4
votes

I have a text file that needs to be converted into a csv file. My plan is to:

  • parse the file line by line
  • search and replace commas inside double quotes with a space
  • then delete all double quotes
  • append the line to a new csv file

Question: I need a function that will recognize the comma inside a double quote and replace it.

Here is a sample line:

"MRS Brown","4611 BEAUMONT ST"," ","WARRIOR RUN, PA"

8
Might there be quotes inside the quoted strings? If so, how will they be escaped? (E.g. "quotes \"inside\" other quotes" or "quotes ""inside"" other quotes"?)Aasmund Eldhuset
Yes, there can be quotes inside double quotes.Internet Engineer
I have tried regex expressions and replace.Internet Engineer
.NET has good support for this, use the TextFieldParser class. It gives you a string[], you can then simply use string.Replace to whack the commas.Hans Passant
Does this answer your question? Dealing with commas in a CSV fileTylerH

8 Answers

5
votes

Your file seems to be already in a CSV complaint format. Any good CSV reader would be able to read it correctly.

If your problem is just reading the field values correctly, then you need to read it the correct way.

Here is one way to do it:

using Microsoft.VisualBasic.FileIO; 


    private void button1_Click(object sender, EventArgs e)
    {
        TextFieldParser tfp = new TextFieldParser("C:\\Temp\\Test.csv");
        tfp.Delimiters = new string[] { "," };
        tfp.HasFieldsEnclosedInQuotes = true;
        while (!tfp.EndOfData)
        {
            string[] fields = tfp.ReadFields();

            // do whatever you want to do with the fields now...
            // e.g. remove the commas and double-quotes from the fields.
            for (int i = 0; i < fields.Length;i++ )
            {
                fields[i] = fields[i].Replace(","," ").Replace("\"","");
            }

            // this is to show what we got as the output
            textBox1.AppendText(String.Join("\t", fields) + "\n");
        }
        tfp.Close();
    }

EDIT:

I just noticed that the question has been filed under C#, VB.NET-2010. Here is the VB.NET version, just in case you are coding in VB.

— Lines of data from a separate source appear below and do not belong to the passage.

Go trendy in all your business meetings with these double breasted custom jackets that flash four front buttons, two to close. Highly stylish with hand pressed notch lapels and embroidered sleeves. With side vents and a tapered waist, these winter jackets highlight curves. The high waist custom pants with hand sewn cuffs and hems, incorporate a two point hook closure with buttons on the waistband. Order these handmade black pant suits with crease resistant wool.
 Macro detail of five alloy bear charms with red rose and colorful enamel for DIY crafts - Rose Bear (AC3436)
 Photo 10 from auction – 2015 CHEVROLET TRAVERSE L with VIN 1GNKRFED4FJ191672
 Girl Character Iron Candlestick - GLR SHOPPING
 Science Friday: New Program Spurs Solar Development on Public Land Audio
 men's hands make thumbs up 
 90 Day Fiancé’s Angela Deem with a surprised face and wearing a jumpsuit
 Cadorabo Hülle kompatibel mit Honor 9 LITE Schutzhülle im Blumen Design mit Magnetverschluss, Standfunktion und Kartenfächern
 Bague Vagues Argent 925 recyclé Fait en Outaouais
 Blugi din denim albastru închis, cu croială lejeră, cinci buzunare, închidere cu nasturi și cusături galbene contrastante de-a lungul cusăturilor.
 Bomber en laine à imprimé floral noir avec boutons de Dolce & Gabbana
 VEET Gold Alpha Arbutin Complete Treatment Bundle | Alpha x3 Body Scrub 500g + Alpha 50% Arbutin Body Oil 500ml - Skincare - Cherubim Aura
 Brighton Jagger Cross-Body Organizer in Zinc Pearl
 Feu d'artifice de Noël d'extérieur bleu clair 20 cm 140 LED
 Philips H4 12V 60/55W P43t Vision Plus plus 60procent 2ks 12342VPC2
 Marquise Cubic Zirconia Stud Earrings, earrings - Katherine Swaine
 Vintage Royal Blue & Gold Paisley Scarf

Private Sub Button1_Click(ByVal sender As System.Object, ByVal e As System.EventArgs) Handles Button1.Click
    Dim tfp As New FileIO.TextFieldParser("C:\Temp\Test.csv")
    tfp.Delimiters = New String() {","}
    tfp.HasFieldsEnclosedInQuotes = True
    While Not tfp.EndOfData
        Dim fields() As String = tfp.ReadFields

        '' do whatever you want to do with the fields now...
        '' e.g. remove the commas and double-quotes from the fields.
        For i As Integer = 0 To fields.Length - 1
            fields(i) = fields(i).Replace(",", " ").Replace("""", "")
        Next
        '' this is to show what we got as the output
        TextBox1.AppendText(Join(fields, vbTab) & vbCrLf)
    End While
    tfp.Close()
End Sub
2
votes

Here's a simple function that will remove commas embedded between two double quotes in a string. You can pass in a long string that has multiple occurrences of "abc,123",10/13/12,"some description"...etc. It will also remove the double quotes.

Private Function ParseCommasInQuotes(ByVal arg As String) As String

    Dim foundEndQuote As Boolean = False
    Dim foundStartQuote As Boolean = False
    Dim output As New StringBuilder()

    '44 = comma
    '34 = double quote

    For Each element As Char In arg

        If foundEndQuote Then
            foundStartQuote = False
            foundEndQuote = False
        End If

        If element.Equals(Chr(34)) And (Not foundEndQuote) And foundStartQuote Then
            foundEndQuote = True
            Continue For
        End If


        If element.Equals(Chr(34)) And Not foundStartQuote Then
            foundStartQuote = True
            Continue For
        End If


        If (element.Equals(Chr(44)) And foundStartQuote) Then
            'skip the comma...its between double quotes
        Else
            output.Append(element)
        End If

    Next

    Return output.ToString()

End Function
2
votes

Thanks to Baz, The Glockster Answer in VB, I just converted it in C# and its works well. With this code you don't need any third party parser.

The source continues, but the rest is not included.